----- Data for this exercise
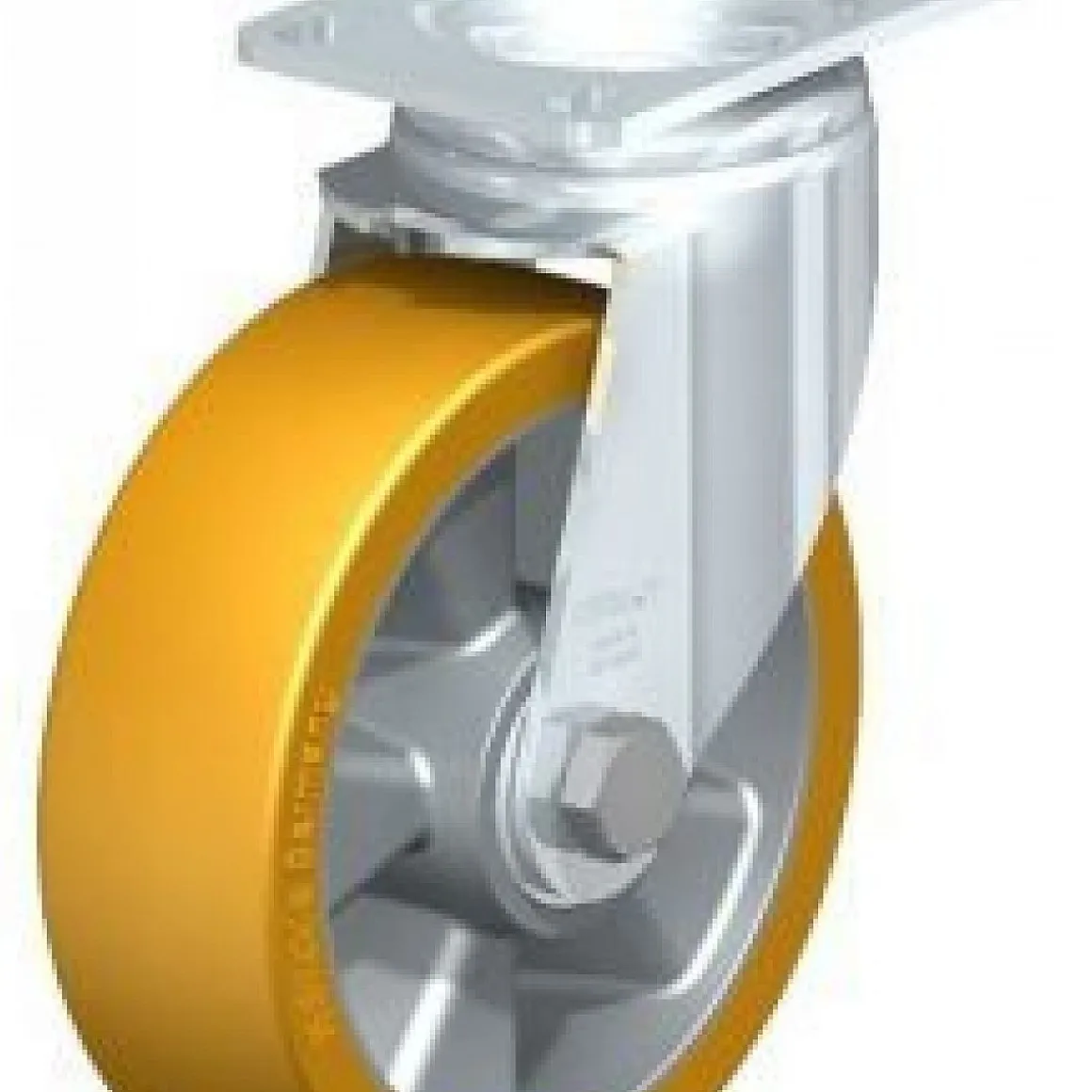 5" X 1-9/16" polyurethane-elastomer Swivel Caster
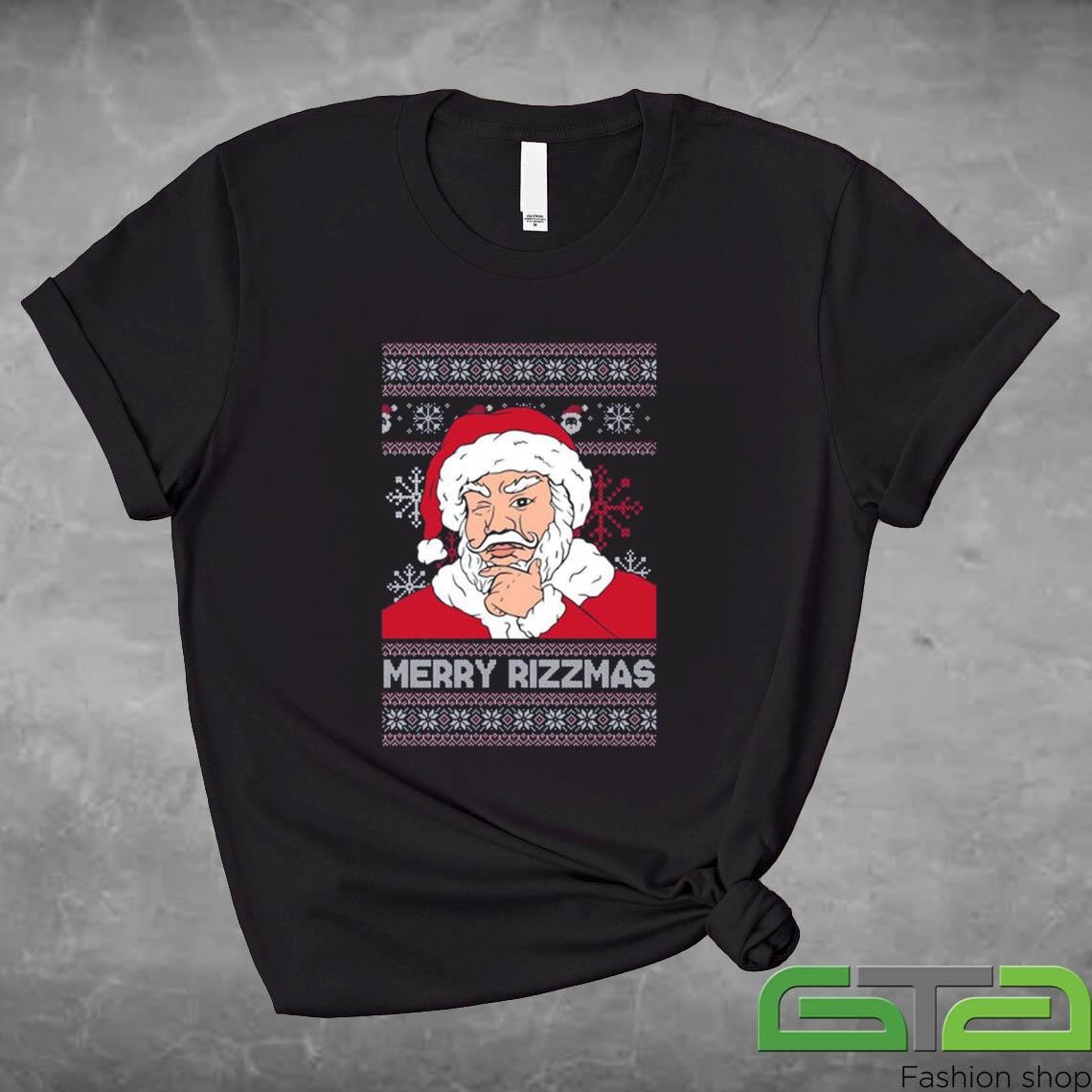 Official Santa Claus Merry Rizzmas Ugly Christmas T-shirt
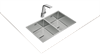 Кухонная мойка Teka Flexlinea RS15 2B 740 (115030009) 115030009 - фото 132196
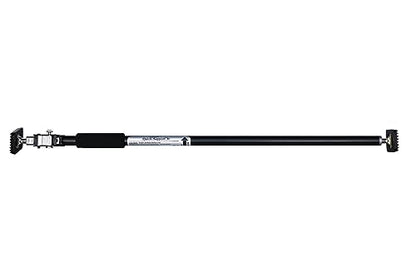Heavy Duty Truck Cargo Bar - Adjustable QSP-360 Truck Bed Organizer with Weight Capacity 175 lbs. - Self-Locking Spring Ratchet Load Lock Bar - Extends 3.6 to 6 Ft, Ideal for Car, SUV & Truck - color: Black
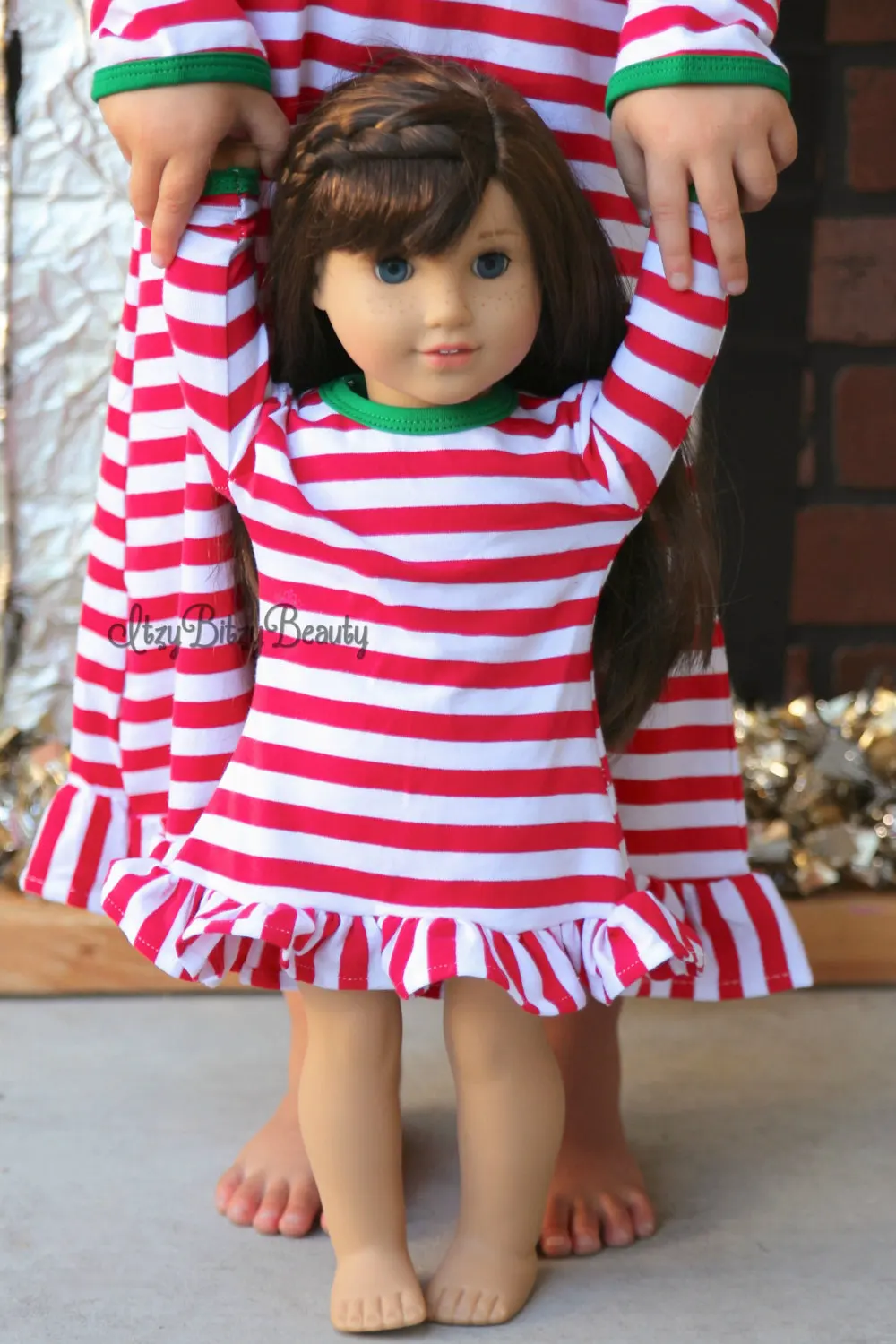 Matching Girl And Doll Christmas dress;Dollie And Me;Christmas nightgown;Christmas Eve Box;Matching 18" Girl Doll Clothes
Matching Girl And Doll Christmas dress;Dollie And Me;Christmas nightgown;Christmas Eve Box;Matching 18" Girl Doll Clothes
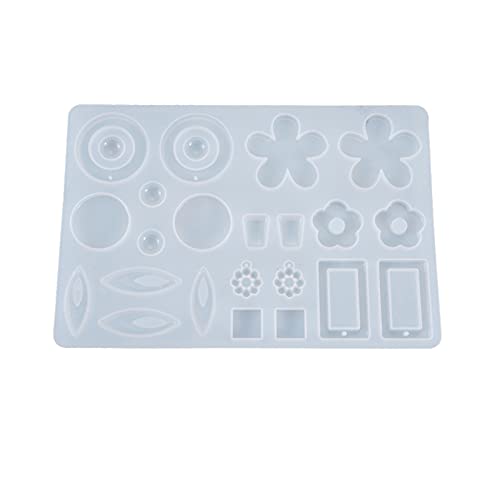Ohrring Schmuck Silikonform DIY Epoxidharz Anhänger Gießformen Schablonen Harz Ohrring Formen Kristall Basteln für Epoxidharz Schmuck Silikonform Gießform Resin Form für Harzhandwerk DIY Harzschmuck von FOXCUP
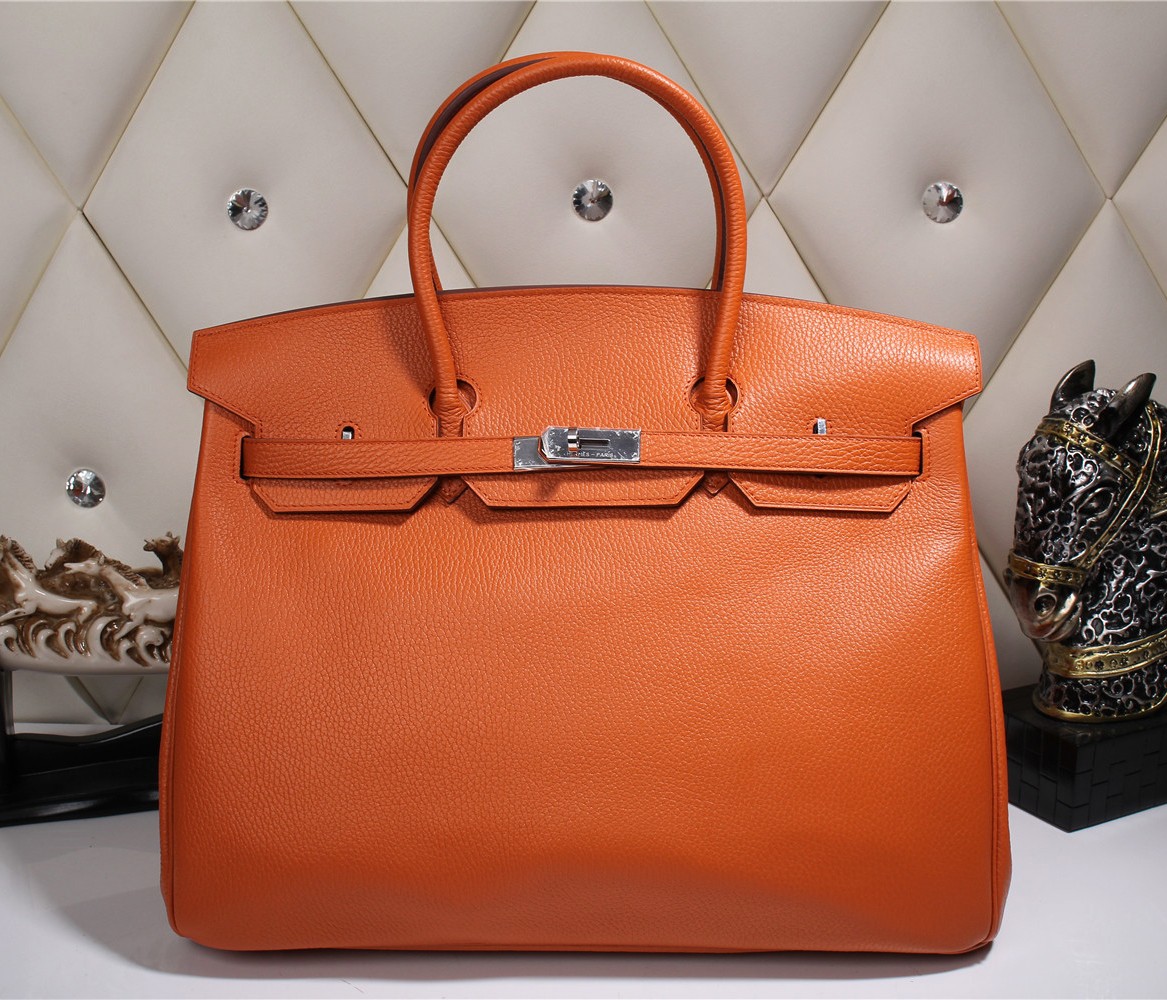 Cheap Hermes Birkin Silver Hardware 40cm Bag HJ00288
----------
What this task involves — Nothing but the pictures may be dropped as you repeat the listing above exactly.

Response to the task —
 5" X 1-9/16" polyurethane-elastomer Swivel Caster
 Official Santa Claus Merry Rizzmas Ugly Christmas T-shirt
 Кухонная мойка Teka Flexlinea RS15 2B 740 (115030009) 115030009 - фото 132196
Heavy Duty Truck Cargo Bar - Adjustable QSP-360 Truck Bed Organizer with Weight Capacity 175 lbs. - Self-Locking Spring Ratchet Load Lock Bar - Extends 3.6 to 6 Ft, Ideal for Car, SUV & Truck - color: Black
 Matching Girl And Doll Christmas dress;Dollie And Me;Christmas nightgown;Christmas Eve Box;Matching 18" Girl Doll Clothes
Matching Girl And Doll Christmas dress;Dollie And Me;Christmas nightgown;Christmas Eve Box;Matching 18" Girl Doll Clothes
Ohrring Schmuck Silikonform DIY Epoxidharz Anhänger Gießformen Schablonen Harz Ohrring Formen Kristall Basteln für Epoxidharz Schmuck Silikonform Gießform Resin Form für Harzhandwerk DIY Harzschmuck von FOXCUP
 Cheap Hermes Birkin Silver Hardware 40cm Bag HJ00288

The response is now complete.